Fool Serious 2003 Awards
My votes were:
Best Director: Niki Caro (Whale Rider)
Best Cinematographer: Thomas M. Harting (Winged Migration)
Best Script: Whale Rider
Best Music: Winged Migration
Best Actor: Seol Kyung-Gu (Oasis)
Best Actress: Mirada Otto (Julie Walking Home)
Best "Guilty Pleasure": Intimate Confessions of a Chinese Courtesan
American Splendor (neutral/+): Semi-biographical comic-book drama about Harvey Pekar, underground comix collaborator with R. Crumb (Crumb). The proper parallel here is with Ghost World, and Pekar himself has an eerie resemblance to the older eccentric in that film. The real Pekar and his friends and family make appearances, so that we have three parallel sets of personae: the actors playing Pekar et al, the real people, and scenes from the American Splendor comic book series in which the real Pekar portrayed his own real life.
Angela (-) is a bleak cinema verite look at the life of a drug courier. Angela is the wife of a Mafia sub-boss and partner in his drug-front Palermo shoe store. A hunky new Mafia soldier seduces Angela, while the police close in on the whole operation. It's the oldest dramatic plot in the world, and not particularly well-acted, but interesting as a slice-of-life (and based-on-truth) look into another kind of life. Hand-held camera warning.
Animatrix (+) is a series of anime films in the world of The Matrix, directed by leading anime artists and coordinated by the Wachowski brothers. The styles of animation vary, and the stories range from an official Matrix backstory to a detective story. Quality is generally high. I haven't seen The Matrix Reloaded, but some people said that this series is more entertaining and tells more about The Matrix's universe than the actual sequel film.

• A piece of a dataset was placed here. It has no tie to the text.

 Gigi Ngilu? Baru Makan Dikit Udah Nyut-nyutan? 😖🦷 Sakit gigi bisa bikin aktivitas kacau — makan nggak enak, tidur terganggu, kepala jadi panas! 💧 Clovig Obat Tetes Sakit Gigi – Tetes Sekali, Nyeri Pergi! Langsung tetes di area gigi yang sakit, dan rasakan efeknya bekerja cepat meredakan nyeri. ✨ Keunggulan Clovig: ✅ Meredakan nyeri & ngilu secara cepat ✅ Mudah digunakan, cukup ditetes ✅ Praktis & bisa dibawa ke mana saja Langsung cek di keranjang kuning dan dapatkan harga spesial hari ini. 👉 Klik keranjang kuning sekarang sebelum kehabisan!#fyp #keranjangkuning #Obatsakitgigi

L'Auberge Espagnole (neutral) is a harmless date flick about a young man's year as an exchange student. Frenchman Xavier leaves Paris and his French amoureuse (Audrey Tatou) for an exchange program in Barcelona, and eventually shares an apartment with a multicultural potpourri of similarly attractive young Europeans working out their Euro-identities. It's like a two-hour episode of Friends set in Spain. There is something universal about the story of a student year abroad.
Big Girls Don't Cry (neutral/+): Teen soap-opera from Germany, passable but nothing out of the ordinary. Two high-school girls (played by refreshingly age-appropriate actresses) struggle with the usual teen dilemmas.
The Bookshop (neutral/-) is a lackluster drama about a repressed Tunisian bookstore owner, his free-spirited wife, and the worldly visitor who moves in as his assistant. It has some local color but disappointingly little plot, and the performances are generally limited.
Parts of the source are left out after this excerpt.